Web page caption snippets:
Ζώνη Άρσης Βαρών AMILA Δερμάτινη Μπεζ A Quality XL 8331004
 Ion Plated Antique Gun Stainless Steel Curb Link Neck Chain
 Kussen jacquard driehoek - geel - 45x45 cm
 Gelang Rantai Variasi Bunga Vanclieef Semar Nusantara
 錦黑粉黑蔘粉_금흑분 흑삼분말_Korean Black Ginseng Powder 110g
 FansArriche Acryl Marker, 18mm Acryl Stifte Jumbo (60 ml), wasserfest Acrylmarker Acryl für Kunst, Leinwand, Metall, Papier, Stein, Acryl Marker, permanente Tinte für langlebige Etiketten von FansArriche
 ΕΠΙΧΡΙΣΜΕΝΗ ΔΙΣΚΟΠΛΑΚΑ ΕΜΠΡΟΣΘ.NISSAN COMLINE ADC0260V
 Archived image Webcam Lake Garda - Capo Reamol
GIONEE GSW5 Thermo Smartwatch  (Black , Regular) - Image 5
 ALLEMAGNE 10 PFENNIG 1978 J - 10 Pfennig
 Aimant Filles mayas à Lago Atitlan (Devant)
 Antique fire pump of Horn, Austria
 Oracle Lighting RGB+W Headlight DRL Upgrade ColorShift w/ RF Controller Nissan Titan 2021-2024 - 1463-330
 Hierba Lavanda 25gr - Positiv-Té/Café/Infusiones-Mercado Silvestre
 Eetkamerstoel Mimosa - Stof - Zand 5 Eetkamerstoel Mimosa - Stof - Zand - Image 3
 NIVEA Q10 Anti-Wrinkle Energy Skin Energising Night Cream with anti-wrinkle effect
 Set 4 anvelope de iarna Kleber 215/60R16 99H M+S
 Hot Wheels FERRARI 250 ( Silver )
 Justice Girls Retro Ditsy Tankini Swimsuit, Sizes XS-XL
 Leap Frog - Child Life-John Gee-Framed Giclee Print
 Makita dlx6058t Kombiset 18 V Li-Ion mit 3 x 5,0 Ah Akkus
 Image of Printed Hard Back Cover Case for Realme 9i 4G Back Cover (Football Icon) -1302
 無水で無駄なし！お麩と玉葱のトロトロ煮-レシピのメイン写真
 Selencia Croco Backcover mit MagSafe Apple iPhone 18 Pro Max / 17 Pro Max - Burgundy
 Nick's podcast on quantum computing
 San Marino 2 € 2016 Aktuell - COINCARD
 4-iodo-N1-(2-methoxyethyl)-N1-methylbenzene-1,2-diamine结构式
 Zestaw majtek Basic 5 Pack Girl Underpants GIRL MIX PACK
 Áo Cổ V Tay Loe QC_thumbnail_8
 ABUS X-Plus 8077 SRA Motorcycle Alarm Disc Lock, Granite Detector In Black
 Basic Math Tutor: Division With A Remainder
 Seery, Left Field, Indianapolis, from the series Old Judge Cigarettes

[Problem to solve] Every line from the data above that contains "Basic" must appear in the answer.

[Response for this exercise]
 Zestaw majtek Basic 5 Pack Girl Underpants GIRL MIX PACK
 Basic Math Tutor: Division With A Remainder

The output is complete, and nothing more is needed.